The dressing rooms are split into first team and an academy wing and the youngsters have to wait until they are invited to be with the big boys.
It is a long standing tradition at the club that the players have to win their place and it is designed to keep the youngsters grounded and their feet on the floor.
Another academy graduate, Emile Smith-Rowe, talked about it last season as he waited his turn.
“To be fair, I am not actually in the changing room at the training ground,” Smith-Rowe said 12 months ago. “I change separately, find out about 10 minutes before I am due to go out and just run over and train.

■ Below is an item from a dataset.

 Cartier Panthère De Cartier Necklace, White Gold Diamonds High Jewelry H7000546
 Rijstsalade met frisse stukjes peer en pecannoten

“I am still waiting to be asked to move along the corridor. I know a couple of players have done it – Alex Iwobi, Ainsley Maitland-Niles but yeah hopefully soon.”
Arsenal will have no worries about Saka getting carried away as he is well liked, very bright and grounded. The first thing he did after scoring his first senior goal was the FaceTime his dad after the game.
Saka, 18, has started Arsenal’s last three Premier League games and is also set to sign a new long term deal which would also elevate his status. Negotiations are already well underway.
It comes as England boss Gareth Southgate even admitted that Saka is now on his radar as he has a wealth of attacking talent in the wide areas.
Talking ahead of England’s Euro 2020 qualifier in Czech Republic, Southgate was unprompted as he name checked the Arsenal youngster when asked about how good his front three are in European terms.
Southgate said: “We’ve got Callum Hudson-Odoi coming through and other players are emerging so quickly. You’ve got Bukayo [Saka] at Arsenal just dipping his toes in the first team as well.
“So, we’ve got really good players, we need more than three. I’ve always said that in tournaments that I played in, we always pinned our hopes on one player or two players.”